Il Cara, nato nel 1999, è arrivato ad avere una capienza di 450 persone ma attualmente ne ospita poche decine. Destinato alla chiusura come i Cara di Mineo in Sicilia e Castelnuovo di Porto nel Lazio. È nata, invece, l’idea di riconvertirlo in foresteria, fortemente sostenuta dal prefetto di Foggia, Raffaele Grassi, che proprio oggi lascia la Capitanata destinazione Padova. Ma prima di lasciare Foggia ha voluto far partire il progetto con la firma del protocollo da parte del presidente della regione Puglia, Michele Emiliano, del presidente della provincia di Foggia, Nicola Gatta, del capo del dipartimento per le Libertà civili e l’Immigrazione del Viminale, Michele di Bari e dello stesso Grassi, presente anche il procuratore di Foggia, Ludovico Vaccaro, grande sostenitore della foresteria. Il progetto prevede la rimozione della baraccopoli e la bonifica dell’area.

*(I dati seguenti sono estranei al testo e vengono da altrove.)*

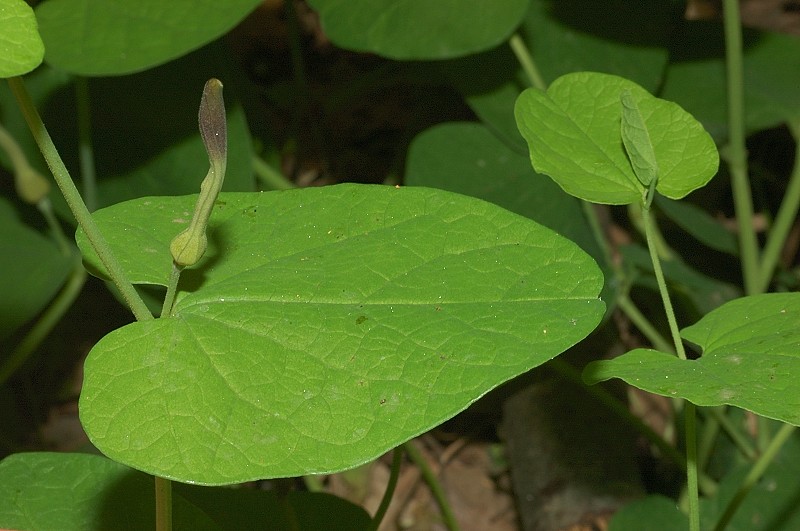 Aristolochia rotunda / Aristolochia rotonda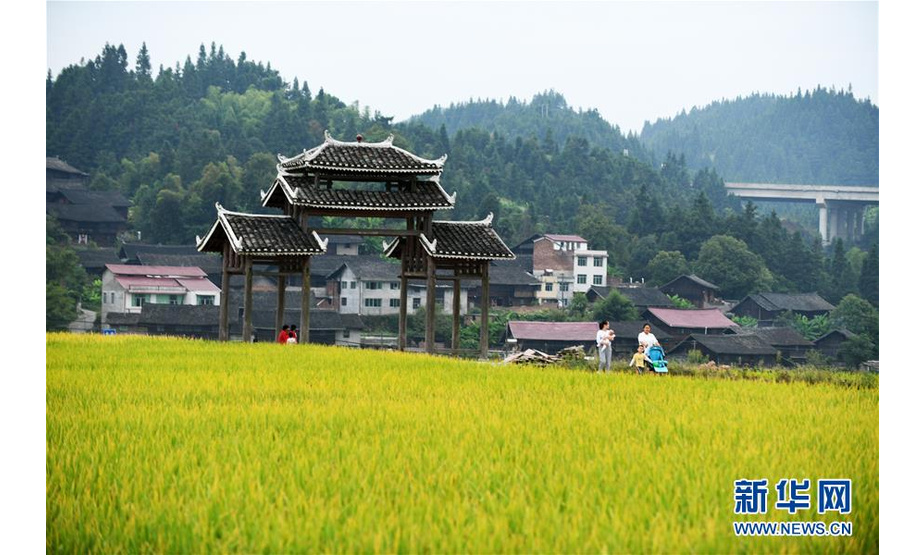 9月3日，人们在贵州省天柱县高酿镇大坝的稻田旁散步。新华社记者 杨文斌 摄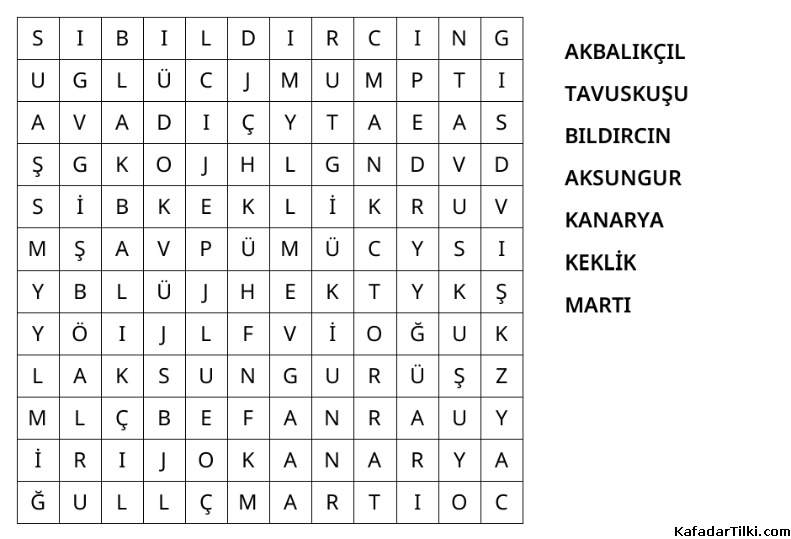 Kolay Kelime Avı, Kuşlar - 10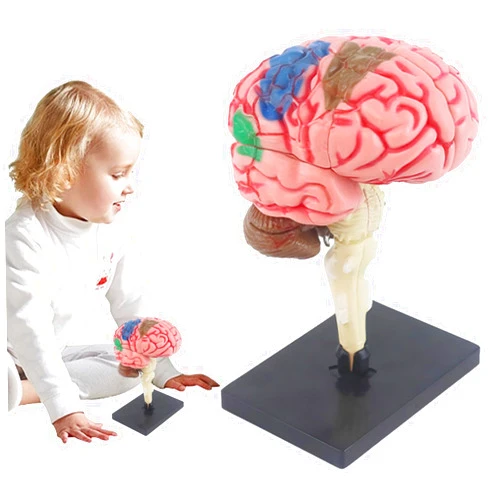 Generic Human Brain Model - Anatomy for Education | Medical Study Tool with Detailed Brain Structures Guide | Educational Neuroscience Model, Anatomical Model Teaching Med Model with Display Base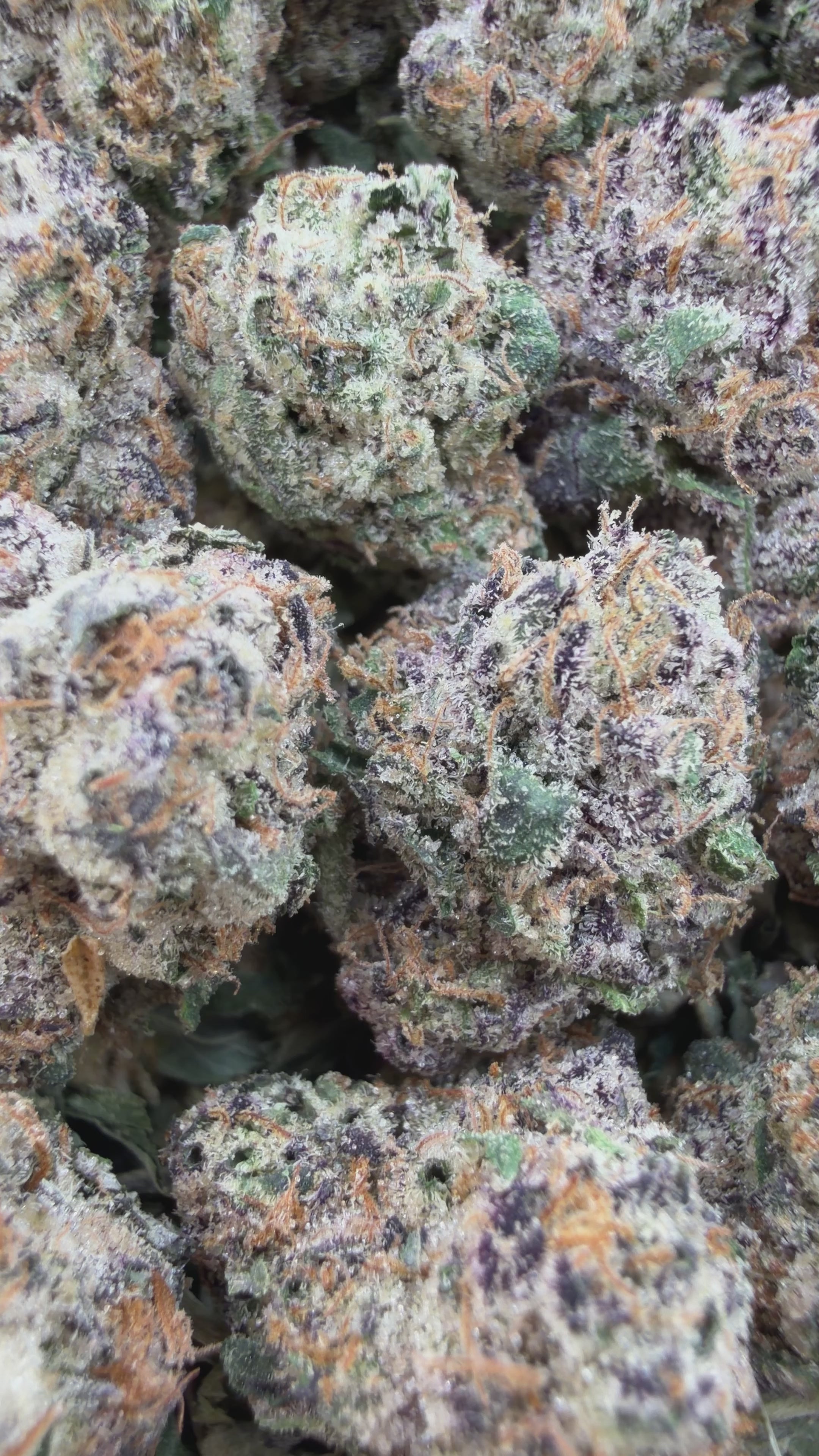 White Apple Runtz Smalls - Hybrid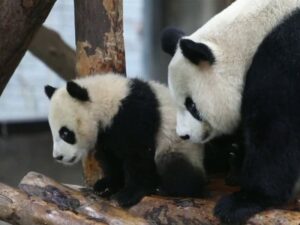 Мамаша панда с малышом фото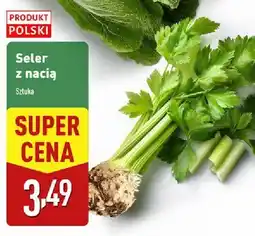 ALDI Seler z nacią Aldi oferta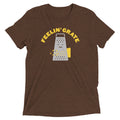 Feelin' Grate Men's Tri-Blend Tee product image 1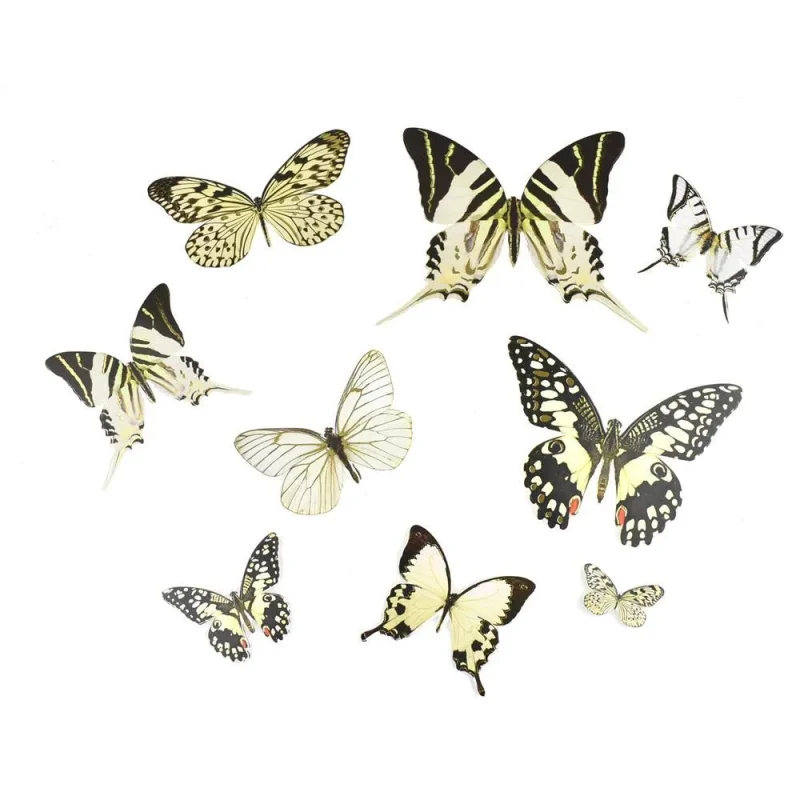 white butterfly paper craft die cuts 35 piece set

Anche per questo ci sono già i fondi, previsti dal Contratto istituzionale di sviluppo (Cis) per la Capitanata. Ma non sarà facile. La prefettura ha già eseguito quattro parziali abbattimenti di baracche due anni fa, l’ultimo l’11 luglio 2019. In quell’occasione ci furono momenti di tensione tra immigrati e forze dell’ordine, con lanci di pietre e lacrimogeni. E le baracche erano tornate. Anche perché allora non si vedevano alternative, malgrado sia un luogo di degrado e morte. Decine gli incendi con ben quattro morti. Il primo il 6 novembre 2018, Bakary Secka, 30 anni del Gambia. Il 26 aprile 2019 un altro gambiano, Samara Saho di 26 anni. Il 4 febbraio 2020 una donna africana rimane gravemente ustionata. Muore dopo tre giorni di agonia. L’ultimo il 12 giugno 2020 si chiamava Ben Ali Mohamed, 37 anni del Senegal. Il 27 settembre 2019 visita il ghetto il cardinale Konrad Krajewski, Elemosiniere di papa Francesco. «Qui fa freddo, fate qualcosa» gli dice un immigrato.

«Solo baracche e lavoro nero» denuncia un altro. Padre Konrad ascolta e riflette. «Gli sgomberi non servono a niente, se non crei vere alternative. Hanno solo un effetto mediatico». Ora l’alternativa sembra davvero arrivare. «Un progetto sperimentale – spiega il prefetto Michele di Bari –. Oltre ad offrire un alloggio dignitoso e sicuro, vengono sviluppate azioni finalizzate all’integrazione sociale, all’inserimento nel mercato del lavoro regolare e alla promozione dei diritti umani». «La Regione – commenta Emiliano – traccia insieme al ministero una nuova linea di interventi, perché il caporalato si combatte organizzando la sistemazione civile delle persone che vengono per lavorare e l’incontro tra domanda e offerta».